**Task**. Copy the lines below exactly. No picture goes into the copy.
╭─ Source material
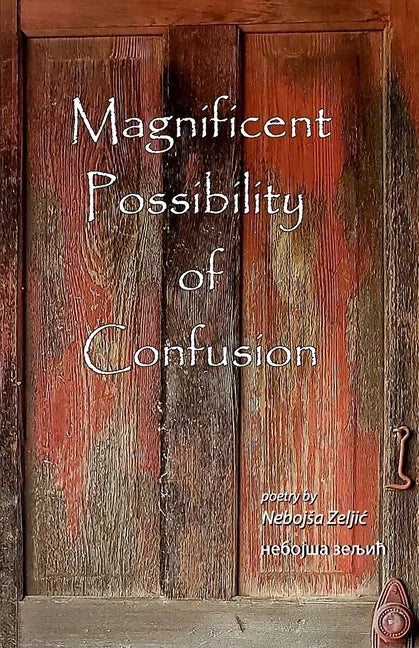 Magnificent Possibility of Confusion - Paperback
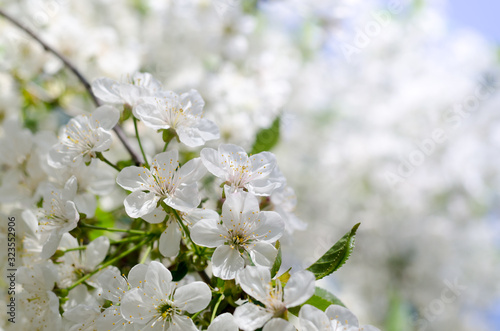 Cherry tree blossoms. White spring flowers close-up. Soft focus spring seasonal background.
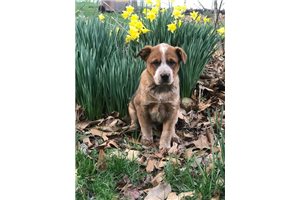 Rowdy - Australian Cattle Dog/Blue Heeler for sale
╰─
**Answer to this task**.
 Magnificent Possibility of Confusion - Paperback
 Cherry tree blossoms. White spring flowers close-up. Soft focus spring seasonal background.
 Rowdy - Australian Cattle Dog/Blue Heeler for sale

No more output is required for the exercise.